He said he’s heard other candidates say they’re aren’t going to Washington to make friends, “but I do plan to go there and build relationships that will make me more effective,” he said. “That’s what wrong; it’s too partisan.”
Riser could call McAllister “soft on Obamacare,” and use his decidedly squishy position on it to question his seriousness on policy. But there’s a problem; namely, that while better than two-thirds of the district is voting conservative, the one-third which pulled the lever for Democrats or third parties could be what decides the race. And by staking out a position too far to the right even on Obamacare, Riser could marginalize himself.
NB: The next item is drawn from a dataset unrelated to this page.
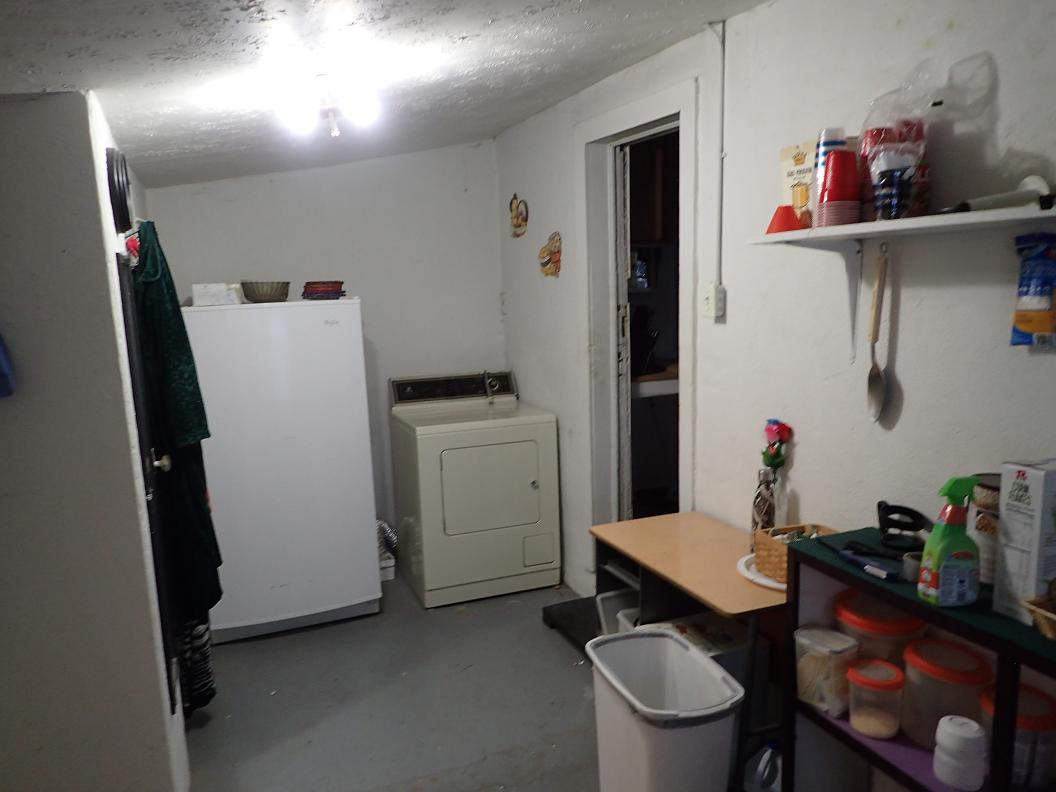 121 and 123 Avenue C, Sanderson, Texas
Another item Riser can and should use is the fact McAllister was late filing campaign finance reports before Saturday’s primary…
But, while [McAllister challenged] the integrity of incumbent politicans in Washington and Baton Rouge, Riser reiterated the importance of timely campaign finance reports.
As of Saturday, McAllister’s filings hadn’t shown up on the Federal Elections Commission website. Riser said the delay in “any other candidate’s” filing should be questioned. Calls and emails to the McAllister campaign on the issue were not returned.
If that filing isn’t remedied relatively early next week, Riser can and should cry foul and accuse McAllister of a lack of transparency.
To which McAllister would likely respond by bringing up the Jindal-Alexander bargain accusation.
This being a Republican-on-Republican fight in which scant differences can be found along ideological lines, it’s likely to be a nasty and personal contest from here on in. Let’s hope we’re spared that and the runoff campaign is illuminating rather than distasteful.